In article <ma*************************************@python.or g>,
Steve Holden <st***@holdenweb.comwrote:

But basically, you aren't providing a CGI environment, and that's why
cgi.parse() isn't working.

Clearly. So what should I be doing? Surely I'm not the first person to
have this problem?

I have managed to work around this for now by copying and modifying the
code in cgi.parse, but this still feels like a Horrible Hack to me.

rg

Sep 11 '06 #5

Damjan

>But basically, you aren't providing a CGI environment, and that's why

>cgi.parse() isn't working.

Clearly. So what should I be doing?

Probably you'll need to read the source of cgi.parse_qs (like Steve did) and
see what it needs from os.environ and then provide that (either in
os.environ or in a custom environ dictionary).

BUT why don't you use WSGI?

--
damjan

Sep 11 '06 #6

Steve Holden

Ron Garret wrote:

In article <ma*************************************@python.or g>,
Steve Holden <st***@holdenweb.comwrote:

>>But basically, you aren't providing a CGI environment, and that's why
cgi.parse() isn't working.

Clearly. So what should I be doing? Surely I'm not the first person to
have this problem?

I have managed to work around this for now by copying and modifying the
code in cgi.parse, but this still feels like a Horrible Hack to me.

Let me get this right. You are aware that CGIHTTPServer module exists.
But you don't want to use that. Instead you want to use your own code.
So you have ended up duplicating some of the functionality of the cgi
library. And it feels like a hack.

Have I missed anything? :-)

regards
Steve
--
Steve Holden +44 150 684 7255 +1 800 494 3119
Holden Web LLC/Ltd http://www.holdenweb.com
Skype: holdenweb http://holdenweb.blogspot.com
Recent Ramblings http://del.icio.us/steve.holden

Sep 12 '06 #7

Kent Johnson

Steve Holden wrote:

Ron Garret wrote:
>In article <ma*************************************@python.or g>,
Steve Holden <st***@holdenweb.comwrote:

>>But basically, you aren't providing a CGI environment, and that's why
cgi.parse() isn't working.

Clearly. So what should I be doing? Surely I'm not the first person to
have this problem?

I have managed to work around this for now by copying and modifying the
code in cgi.parse, but this still feels like a Horrible Hack to me.

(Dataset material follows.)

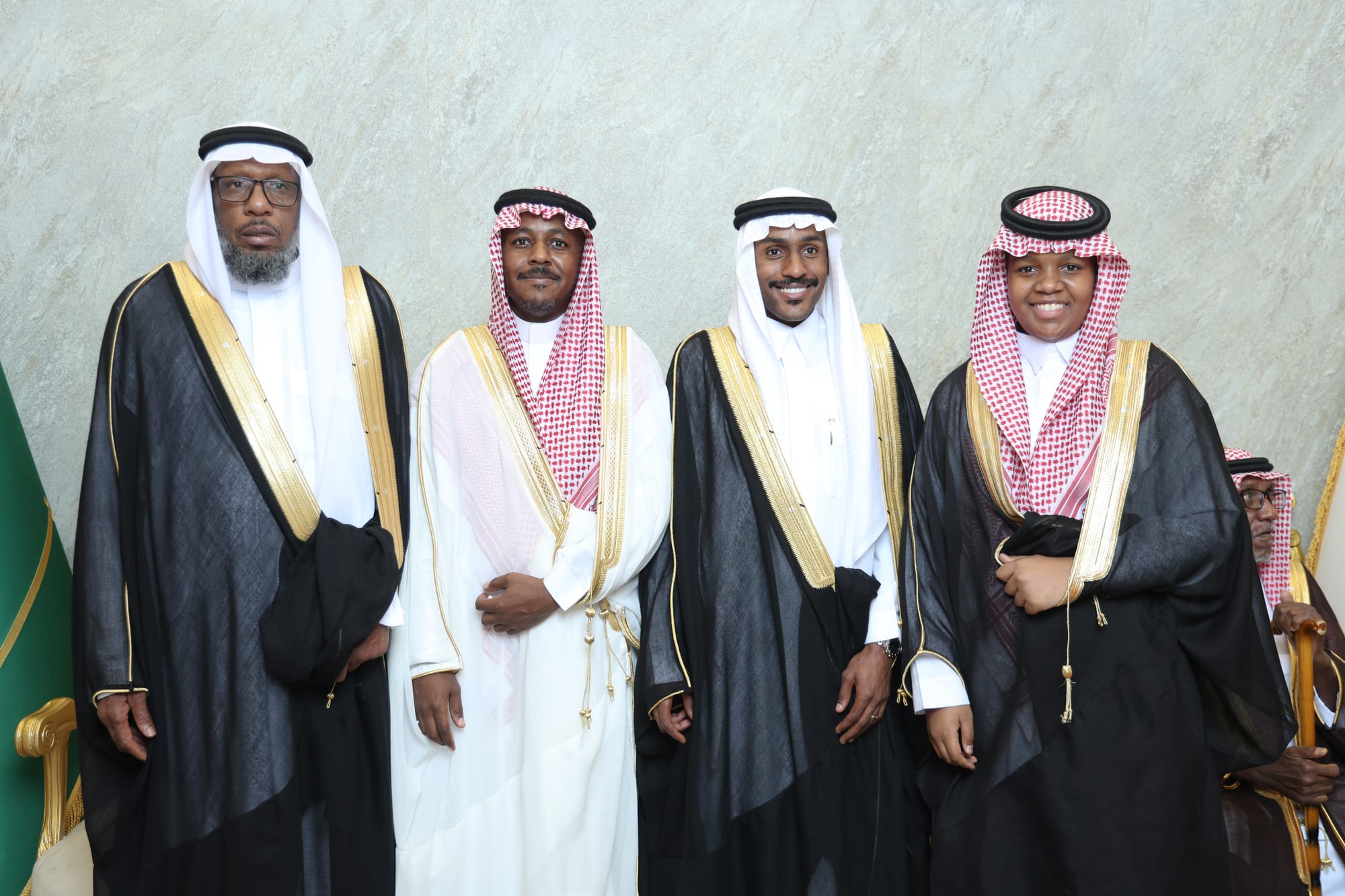 زواج مشعل طايع الدوسري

Let me get this right. You are aware that CGIHTTPServer module exists.
But you don't want to use that. Instead you want to use your own code.
So you have ended up duplicating some of the functionality of the cgi
library. And it feels like a hack.

Have I missed anything? :-)

Hey, be nice. Wanting to write a request handler that actually handles a
POST request doesn't seem so unreasonable.

Except...when there are about a bazillion Python web frameworks to
choose from, why start from BaseHTTPServer? Why not use one of the
simpler frameworks like Karrigell or Snakelets or CherryPy?

Here is the query-handling code from Karrigell's CustomHTTPServer.py,
good at least for a second opinion:

def do_POST(self):
"""Begin serving a POST request. The request data must be readable
on a file-like object called self.rfile"""
ctype, pdict =
cgi.parse_header(self.headers.getheader('content-type'))
self.body = cgi.FieldStorage(fp=self.rfile,
headers=self.headers, environ = {'REQUEST_METHOD':'POST'},
keep_blank_values = 1, strict_parsing = 1)
# throw away additional data [see bug #427345]
while select.select([self.rfile._sock], [], [], 0)[0]:
if not self.rfile._sock.recv(1):
break
self.handle_data()

Here is CherryPy's version from CP 2.1:

# Create a copy of headerMap with lowercase keys because
# FieldStorage doesn't work otherwise
lowerHeaderMap = {}
for key, value in request.headerMap.items():
lowerHeaderMap[key.lower()] = value

# FieldStorage only recognizes POST, so fake it.
methenv = {'REQUEST_METHOD': "POST"}
try:
forms = _cpcgifs.FieldStorage(fp=request.rfile,
headers=lowerHeaderMap,
environ=methenv,
keep_blank_values=1)

where _cpcgifs.FieldStorage is cgi.FieldStorage with some extra accessors.

HTH,
Kent

Sep 12 '06 #8

Ron Garret

In article <ma*************************************@python.or g>,
Steve Holden <st***@holdenweb.comwrote:

Ron Garret wrote:
In article <ma*************************************@python.or g>,
Steve Holden <st***@holdenweb.comwrote:

>But basically, you aren't providing a CGI environment, and that's why
cgi.parse() isn't working.

Clearly. So what should I be doing? Surely I'm not the first person to
have this problem?

I have managed to work around this for now by copying and modifying the
code in cgi.parse, but this still feels like a Horrible Hack to me.
Let me get this right. You are aware that CGIHTTPServer module exists.
But you don't want to use that.

That's right. I don't want to run CGI scripts. I don't want to launch
a new process for every request. I want all requests handled in the
server process.

Instead you want to use your own code.

No, the whole reason I'm asking this question is because I *don't* want
to write my own code. It seems to me that the code to do what I want
ought to be out there (or in there) somewhere and I shouldn't have to
reinvent this wheel. But I can't find it.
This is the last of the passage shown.